• Elgin'in Gözünden •
Erdem ve bahsettiği cezadan ses soluk çıkmamıştı. Bu yüzüden ne zaman bişey yapıcak gibi yapsa geriliyordum. Korku filmi gibiydi. Bu sebepten dolayı son birkaç gündür Ecem ve Mertcan ile takılıyordum. Kahvaltı etmeye başladığımızda ortalıkta Erdem'den eser yoktu . İçimde yeniden bir yerden çıkıcak korkusu başlamıştı. Ancak hiçbir yerden çıkmamıştı ve bunun iyi bir işaret olduğunu düşünmüyordum. Kahvaltım bitince biraz dizi izlerim umuduyla odama yöneldim. İçeri girmemle Erdem'i bulmuş oldum. Durduğum yerden beni yanına çekip kapıyı da üstümüze kapattı.
-Beni özlemişsindir diye düşündüm.
-Sorma diye mırıldandım.
-Peki sormak istiyorsam? Diyip elini belime yerleştirdi.
-Rüyanda.
-Rüyalarımda sadece seni görüyorum diyip dudaklarıma yaklaştı. Kafamı yana çevirip ellerini ittirdim. Tabi ki uzaklaşmadı. Bende ona kapıyı gösterip çıkmasını işaret ettim.
-Kendin mi çıkarsın, yoksa bağırmamı mı tercih edersin.
-Benim altımda adımı bağırmanı tercih ederim. Dediği zaman yüzümü buruşturdum.
- İğrençliğin beden bulmuş halisin.
-Biliyorum. Bana hala iç çamaşırlarını vermemekte ısrarcı mısın? Dedi eliyle açık olan çekmeceyi göstererek.
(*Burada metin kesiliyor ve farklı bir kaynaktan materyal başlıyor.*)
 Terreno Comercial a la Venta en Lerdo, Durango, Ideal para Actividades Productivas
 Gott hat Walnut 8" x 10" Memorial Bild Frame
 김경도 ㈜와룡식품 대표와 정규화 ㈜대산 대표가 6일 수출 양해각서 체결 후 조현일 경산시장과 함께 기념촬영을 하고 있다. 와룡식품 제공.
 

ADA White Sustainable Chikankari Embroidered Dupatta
- İşte bu yüzden iğrençsin! Eğer sana bi tane takım iç çamaşırımı verirsem defolucakmısın?
-2 tane.
- İyi al ve defol diyip en sevmediğim olan lacivert ve yeşil takımı ona verdim. Tatmin olmuş bi şekilde sırıtarak,
- Birgün üzerinde de görmek isterim, dedi.
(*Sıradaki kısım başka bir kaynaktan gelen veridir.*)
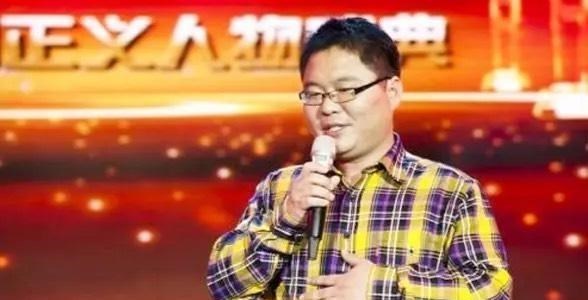 刀刀叨的文艺 他孤身混进黑砖窑,用隐藏的针孔摄影机揭露隐藏的黑暗!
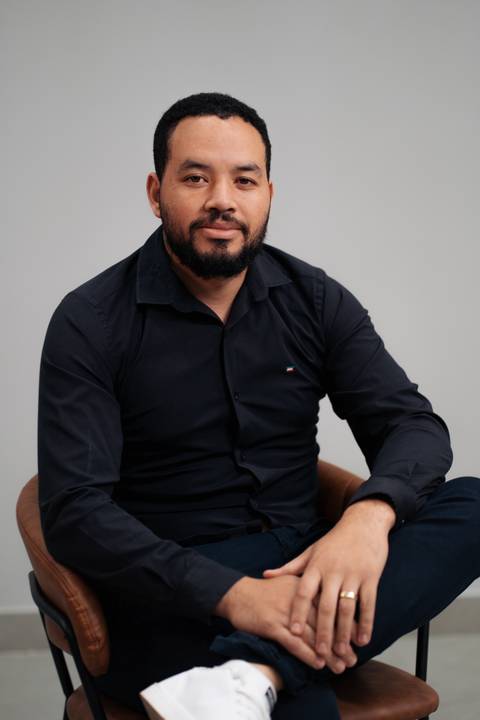 felipe-lopes-fotografia-fotografo-em-osorio-litoral-norte-gaucho-rs-ensaio-empresarial-retratos-equipe-loja-de-carros-em-tramandai-montana-veiculos'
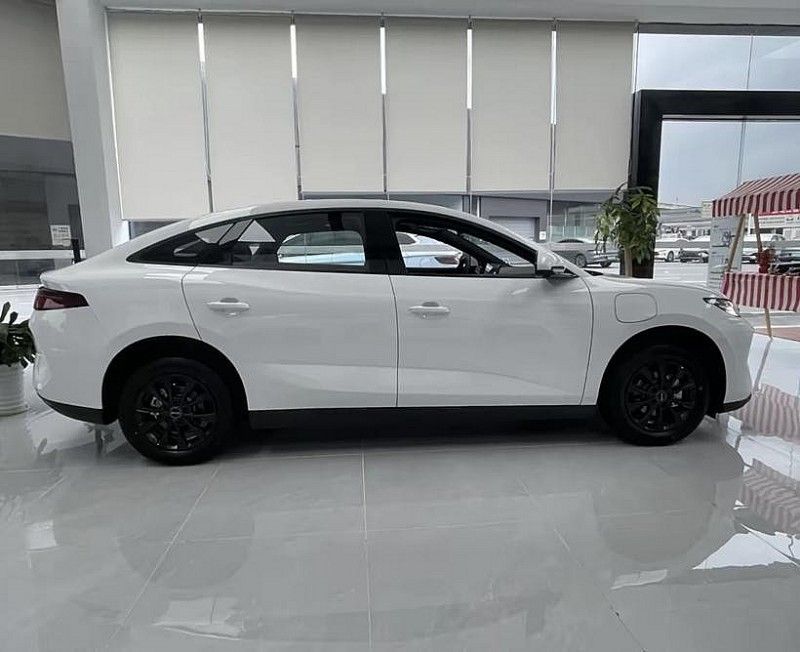 BYD e7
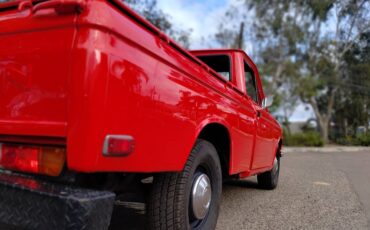 Datsun-521-1972-red-2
- Çık git şu odadan diyip ona yastık attım. Yana kayıp kurtuldu.
- Senin gibi bir prensese hiç yakıştıramadım.
- Ama ben yakıştırdım. Şimdi defolucakmısın?
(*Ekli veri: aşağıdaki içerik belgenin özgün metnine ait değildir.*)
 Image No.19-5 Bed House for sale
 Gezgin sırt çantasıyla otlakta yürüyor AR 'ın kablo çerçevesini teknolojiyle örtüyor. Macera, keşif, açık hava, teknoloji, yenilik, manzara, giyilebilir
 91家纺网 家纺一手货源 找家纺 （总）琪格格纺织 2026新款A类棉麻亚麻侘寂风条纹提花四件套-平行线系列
- Tabi ki. Sadece ufak bir hatırlatmadan sonra.
- Yine ne var?
- Kafanı kurcalayıp dursun diye söylüyorum. Elimde hala kullanılmamış bir cezan var. Diyip göz kırpıp odadan çıktı.
O gider gitmez bilgisayarımın açma tuşuna bastım. Açılmasını beklerken telefonuma gelen bildirim sesiyle telefonu elime aldım. Erdem'in beni bir resimde etiketlediğini gördüm. Gözlerimi devirip bildirimin üstüne tıkladım. Gördüğüm resimle gerçekten gözlerimden şimşekler çıktığını hissettim. İç çamaşırlarım ve boxer'ının yan yana durduğu bir resimdi bu. Bende Erdem'in yanına onu öldürmeye gittim.
Öyle bir hızla odadan çıktım ki ne olduğunu anlamadan her yere çarparak Erdem'in yanına gittim.
- Sen var ya bittin oğlum sen! Bi daha sakın yanıma bile yaklaşma!
- Yine ne yaptım çok merak ediyorum.
- Dediğine bak bi de ya! Ne yapmadın ki?
- Aman be iyi. Özür dilerim. Silerim şimdi. diyip dudak sarkıttı. Bunu yapınca ona kıyamıyordum. Zayıf noktam falandı herhalde.
- Bu seferlik seni affediyorum. Ama son bir şansın kaldı. Onu da harcarsan seni dinlemem basar giderim.
- Bana da hiç kıyamazmış diyip yaklaşmaya başladı.
- Yok öyle bişey. Dediğimde iyice yaklaştı. Ve burnu burnuma deyince durdu. Dudaklarını benimkine sürterek:
- Bence öyle. Diyip geri çekildi sonra devam etti. Kabul et çok tahrik oldun diyip sırıttı.
- Ben sana yapma demedim mi daha az önce!
- Bişey yapmadım ki.
- Gidiyorum o zaman. Seninle de bütün bağlarımı kesiyorum.
- Valla bi daha hiçbir şey yapmayacağım. Bari son bir kez öpsem?
- Hayır
- Evet
- Hayır
- Evet
- Hayır dediysem hayır!
- Ben bi yolunu bulurum.
- Anlamadım?
- Bişey demedim. Hadi aşağıya inelim merak edecekler.
Bende bişey söylemeden arkasından takip ettim.